[[ Available data, beginning ]]

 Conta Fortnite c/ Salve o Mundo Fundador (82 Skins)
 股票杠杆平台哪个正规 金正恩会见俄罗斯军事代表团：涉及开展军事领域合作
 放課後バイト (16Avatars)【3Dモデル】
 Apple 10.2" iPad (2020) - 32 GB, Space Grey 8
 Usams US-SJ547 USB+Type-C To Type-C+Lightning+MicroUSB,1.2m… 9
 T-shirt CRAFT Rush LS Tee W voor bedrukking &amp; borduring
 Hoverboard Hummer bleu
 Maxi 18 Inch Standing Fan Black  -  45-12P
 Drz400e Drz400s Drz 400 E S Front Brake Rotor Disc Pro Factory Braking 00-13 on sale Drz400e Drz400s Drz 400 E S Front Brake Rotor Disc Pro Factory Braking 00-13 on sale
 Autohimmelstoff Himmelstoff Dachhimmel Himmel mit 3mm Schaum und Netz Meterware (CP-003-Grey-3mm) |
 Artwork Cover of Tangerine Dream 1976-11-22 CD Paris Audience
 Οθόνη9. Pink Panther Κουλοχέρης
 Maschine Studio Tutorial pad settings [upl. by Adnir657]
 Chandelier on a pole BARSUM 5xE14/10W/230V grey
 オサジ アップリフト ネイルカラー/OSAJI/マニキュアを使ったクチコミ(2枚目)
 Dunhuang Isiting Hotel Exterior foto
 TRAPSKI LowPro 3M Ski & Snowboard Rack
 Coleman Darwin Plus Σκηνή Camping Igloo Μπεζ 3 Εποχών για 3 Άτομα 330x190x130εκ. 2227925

[[ Available data, end ]]

> Goal of the exercise
Transcribe the entire listing above exactly.

> Solution for this exercise
 Conta Fortnite c/ Salve o Mundo Fundador (82 Skins)
 股票杠杆平台哪个正规 金正恩会见俄罗斯军事代表团：涉及开展军事领域合作
 放課後バイト (16Avatars)【3Dモデル】
 Apple 10.2" iPad (2020) - 32 GB, Space Grey 8
 Usams US-SJ547 USB+Type-C To Type-C+Lightning+MicroUSB,1.2m… 9
 T-shirt CRAFT Rush LS Tee W voor bedrukking &amp; borduring
 Hoverboard Hummer bleu
 Maxi 18 Inch Standing Fan Black  -  45-12P
 Drz400e Drz400s Drz 400 E S Front Brake Rotor Disc Pro Factory Braking 00-13 on sale Drz400e Drz400s Drz 400 E S Front Brake Rotor Disc Pro Factory Braking 00-13 on sale
 Autohimmelstoff Himmelstoff Dachhimmel Himmel mit 3mm Schaum und Netz Meterware (CP-003-Grey-3mm) |
 Artwork Cover of Tangerine Dream 1976-11-22 CD Paris Audience
 Οθόνη9. Pink Panther Κουλοχέρης
 Maschine Studio Tutorial pad settings [upl. by Adnir657]
 Chandelier on a pole BARSUM 5xE14/10W/230V grey
 オサジ アップリフト ネイルカラー/OSAJI/マニキュアを使ったクチコミ(2枚目)
 Dunhuang Isiting Hotel Exterior foto
 TRAPSKI LowPro 3M Ski & Snowboard Rack
 Coleman Darwin Plus Σκηνή Camping Igloo Μπεζ 3 Εποχών για 3 Άτομα 330x190x130εκ. 2227925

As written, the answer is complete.